Tuesday, 21 December 2010

Email: how to cope with your addiction

Emails are a source of much stress in the modern workplace.  Technology was meant to make our life easier, yet most people become slaves to their inbox.  If you insist on using emails all the time, be aware of the following tips:

Remember the telephone: unless a written record is required, the telephone can give a personal touch which can have greater impact.

Set times: as a general rule, if you are checking your emails over 15 times a day...you are an addict!  Try to check your emails less than 10 times a day.

Turn off email notifications: if you are constantly being distracted by your computer informing you that you have an email, it is very difficult to work effectively.  Check your inbox after you have completed tasks or when you return from a break.

Be brief: sum up your emails in two sentences.  If you need to add more information, attach a report.

Summarise: precede a long email with a short summary. If you can't summarise in three/four sentences, you never will be able to clearly communicate your idea.  Call the person or have a meeting instead.

Use folders: establish folders where you can place emails to read at an appropriate time.

Use Auto-Preview: scan the first few lines of the email.  Either then read fully, file or delete.

If it is urgent: say so.  Write URGENT in the subject line.

Formality: match the formality or style of the sender to avoid offence. If unsure, err on the side of caution and address them quite formally.

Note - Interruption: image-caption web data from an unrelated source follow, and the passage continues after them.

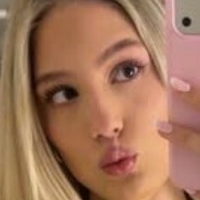 Юлия Эюмел Голая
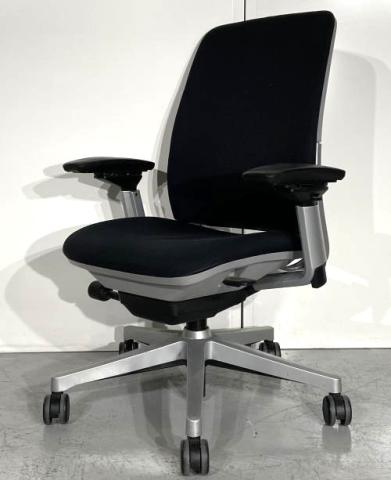【中古】その他シリーズ 4821410K Steelcase（スチールケース） 肘付ハイバックチェア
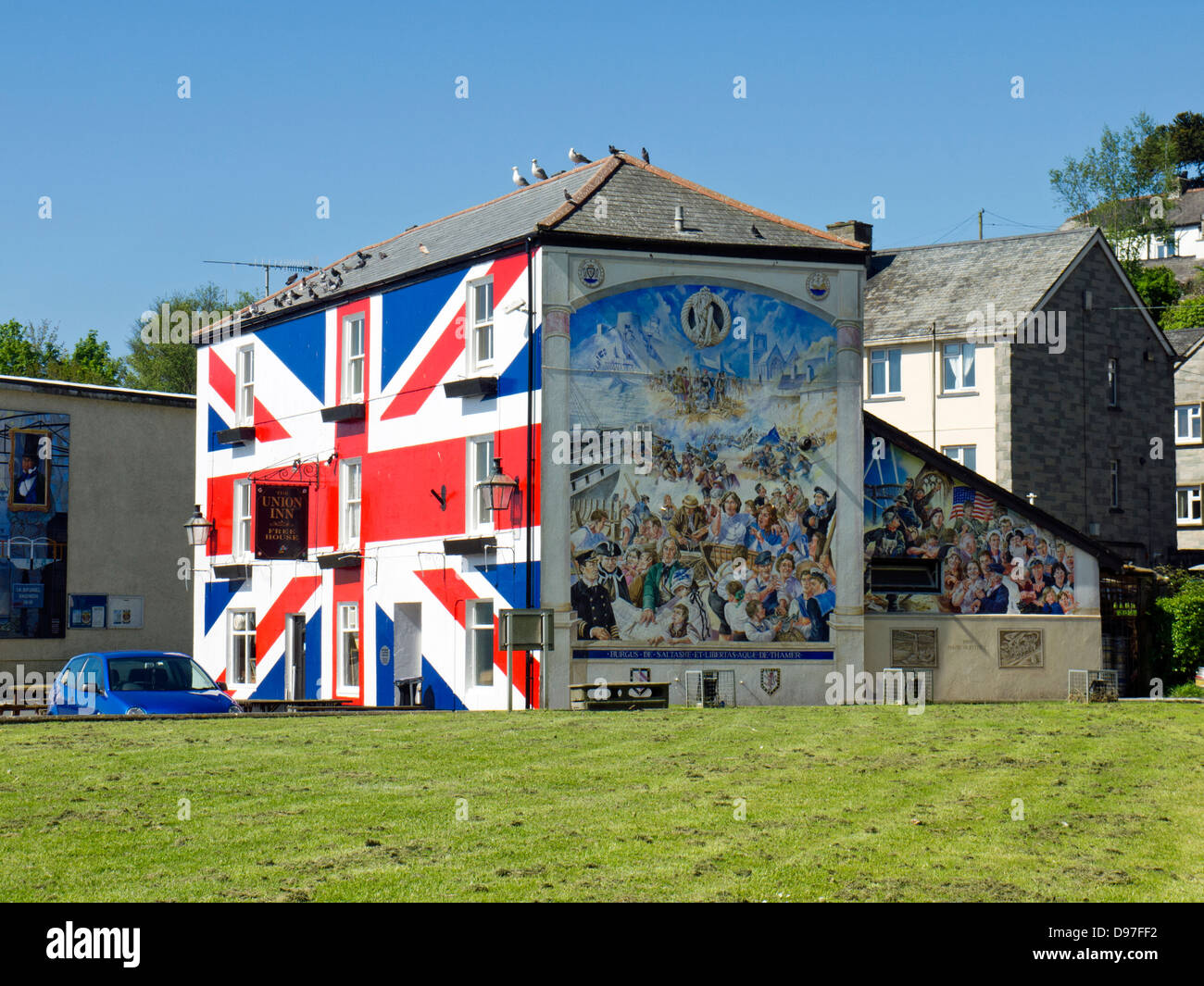 L'Unione Inn, Saltash, Cornwall. La bandiera europea è dipinta sulla parte anteriore della locanda e vi è un rivestimento murale di un lato. Foto Stock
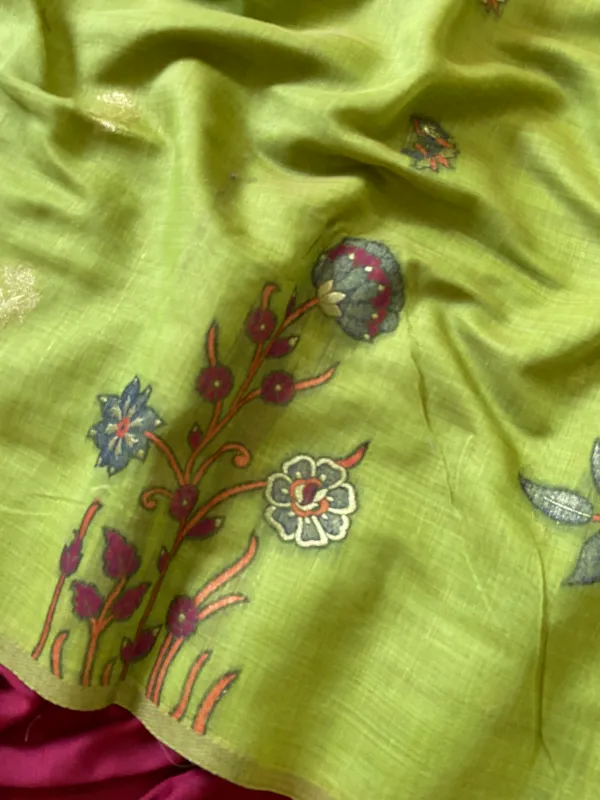 Amrusha_Green_–_Floral_Pallu_Wedding_Special_|_Premium_Soft_Muga_Cotton_Saree_with_Colourful_Resham_Weaving_Flower_Design_Pallu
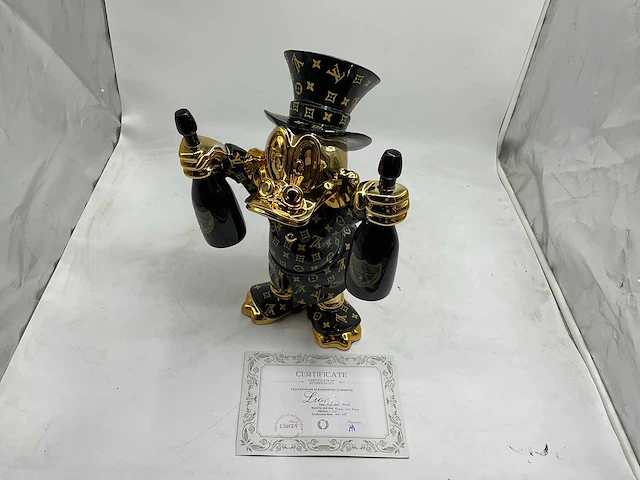 Dagobert duck sculptuur - afbeelding 3 van  7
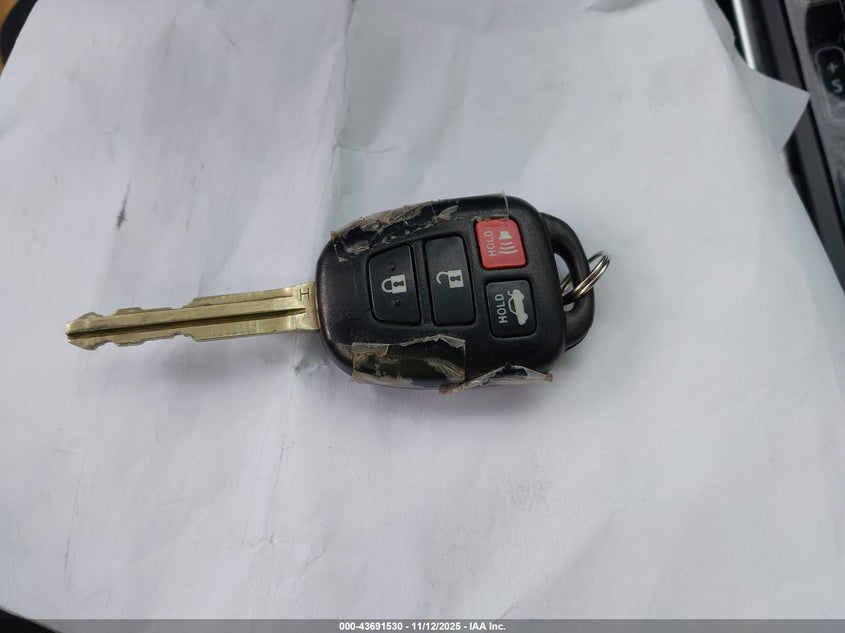 4T1BF1FK6HU406516 2017 TOYOTA CAMRY photo no. 11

Apply the ‘three times’ reply rule: if you have to reply to an email more than three times, choose another communication method.  Email hasn't solved the problem yet, so you have to change your approach to dealing with this person.

Use the subject line: place key information in the subject line to make it easier for the reader to refer to your email in the future.

Respond promptly: don’t leave email unread for more than two days.  If the email is long and you do not have time to respond to the entire email, send a brief email acknowledging its receipt and your intent to reply in more detail.

Errors: spelling and grammatical errors are unprofessional.  Proof read everything before sending. It is not cute to make spelling mistakes, it just makes you look stoopid.

Never send ‘flame mail’: this is the email that you send out to someone who has annoyed you and you immediately regret it.  If you are angry with someone, it is best to speak to them face to face.

CC: if you love to ‘cc’ or ‘bcc’ people – you have a problem.

Junk Mail: remove yourself from newsletters you don’t read or need. It may take a few extra seconds, but it can save you a lot of unnecessary emails in the future.

Final Thought: consider if the other person is a Reader or Listener

Management guru Peter Drucker suggests recognising someone as either a ‘reader’ or ‘listener’ as a way to help you get the best out of the person.  Readers learn and respond best to written messages; Listeners learn through oral communication.

If you sometimes find it difficult to communicate, or you just can’t understand each other, maybe you are writing to a listener or talking to reader.  Take this into account when trying to communicate with someone, and at the same time you should convey your preferred means of communication too.

So basically, if the person is quite chatty and enjoys talking to you (LISTENER), make sure that the emails you send them are quite brief and always follow up with a phone call.  If the person tends to look uncomfortable in meetings or has a tendency to write quite long emails (READER), highlight your ideas initially with a clear email.  Identifying people's preferences can help save you a lot of time (and emails).